For some, Mr Essebsi's pitch to return the stability of old is highly attractive. “Beji will be just like Habib Bourguiba and will bring back pride to Tunisia,” said Mr Riahi, a transit manager for Tunisair.

“He is old in years, but he has the mind to match and is a real leader. He has the stateman's knowledge of how to get things done,” he said.

However, Bourguiba's legacy is mixed. Although he is credited with spreading education and advancing women's rights, his rule was also decidedly authoritarian with little room allowed for dissident and little democratic decision making. In all three of the presidential elections held under Bourguiba (in 1964, 1969, and 1974) the President received 100 percent of the vote.

Essebsi's use of the Bourguiba legacy has also been criticised by Bourguiba supporters, some of whom have pointed out that Essebsi did not side with the ageing autocrat when Ben Ali effectively removed him from power in 1987.

However, Essebsi's strategy of using his Bourguiba connection appears to have brought significant success. Essebsi led the first round of Presidential elections with 39.5 percent of the vote to Marzouki's 33.4 percent after other old regime figures threw their support behind him at the last minute.

In October's parliamentary elections, Essebsi's party Nidaa Tounes took 38 percent of the vote, beating out rivals Ennahda by 10 percentage points.

Essebsi's pitch has also found favour outside of Tunisia. Following a trip to the United Arab Emirates by Essebsi in May, a gift of two luxury bulletproof cars was delivered to Nidaa Tounes from the Emirates.

Essebsi's opponent, Marzouki has made attempts to use his Bourguiba strategy against him.
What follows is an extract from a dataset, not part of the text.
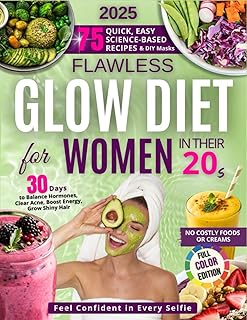 Flawless Glow Diet Cookbook for Women in Their 20s: Clear Skin, Real Confidence and Natural Beauty — Science-Backed Recipes & DIY Rituals to Rock Every Selfie & Big Moment (The Glow Reveal Method)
At a rally in the town of Beja on 12 December, Marzouki claimed an Essebsi victory would “bring the country back to square one and ensure the return of the old regime”.

“Tunisia would lose everything that it has achieved in the three years since the revolution," Marzouki told assembled supporters.

For their part, Nidaa Tounes have criticised Marzouki's rhetoric and accusations of fraud in the first round of elections as a “threat to social peace”.

The Islamist Ennahda party chose not to field a candidate in the race, and at an Ennahda Shura council meeting on 13 December, the party decided to go further still and remain neutral in the election, refraining from backing Moncef Marzouki's bid.

The decision was far from unanimous. High profile members including former Prime Minister, Hamadi Jebali dissenting from the decision threatened to split the party, according to Vice President, Abdelfattah Morou.

Ennahda's decision is likely to Essebsi's benefit. However privately Nidaa Tounes campaigners concede that this presidential campaign will be Essebsi's last, win or lose.

Whether Tunisians will be sufficiently convinced by his pledge to return the supposed glory of the Bourguiba days, or he will become merely the last chaff of a dying legacy to be separated from the wheat remains to be seen.